In other news, the knock re tard (I cant believe they block this word... I mean I understand but its not always derogatory)  is all over the place from 3 to 8 degrees.

Edited by Nathan Nelson
X
Posted

That's strange, along with traction control being commanded at 100% when it's not even moving. Unless I'm reading that parameter wrong, that's an issue. Not sure that would cause a high idle, but that shouldn't be happening.

Posted (edited)
9 hours ago, Jsdirt said:

That's strange, along with traction control being commanded at 100% when it's not even moving. Unless I'm reading that parameter wrong, that's an issue. Not sure that would cause a high idle, but that shouldn't be happening.

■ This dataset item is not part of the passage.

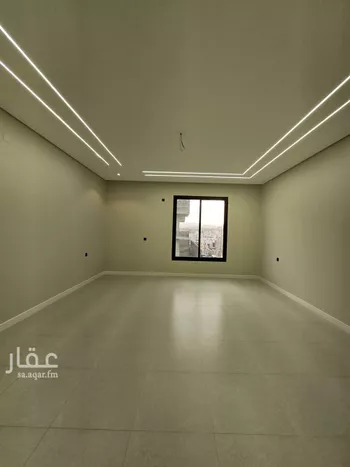 شقة للبيع في شارع 59 الشرقية, حي الشرقية, مدينة ابها, منطقة عسير صورة 4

Unless the TCM got a blast of coolant, that took the TCM out. The line that came off sits above the transmission underneath the exhaust. Also it could make since, if traction control is being commanded at 100% it could be the source of the 37% engine load causing the idle to increase. It is only at 1600 rpm in gear, 3600 in part or neutral. If I pull a plug on the intake it starts bouncing off the redline. I Unplugged the maf, iat, tps, egr all at the sometime while running to see if I can get a difference... none.

Edited by Nathan Nelson
added info
Posted

So another tech briefly looked at this with me... and he determined the bracket that holds the throttle cable was bent, causing the cruse control cable to be pulled back slightly. This was one of the first things I did... removed the cruse and throttle cables to make absolutely sure they weren't pulling on the throttle.  Although I did that test... probably with a bad IAC

  • Like 1
Posted

That'll do it! Glad you found it.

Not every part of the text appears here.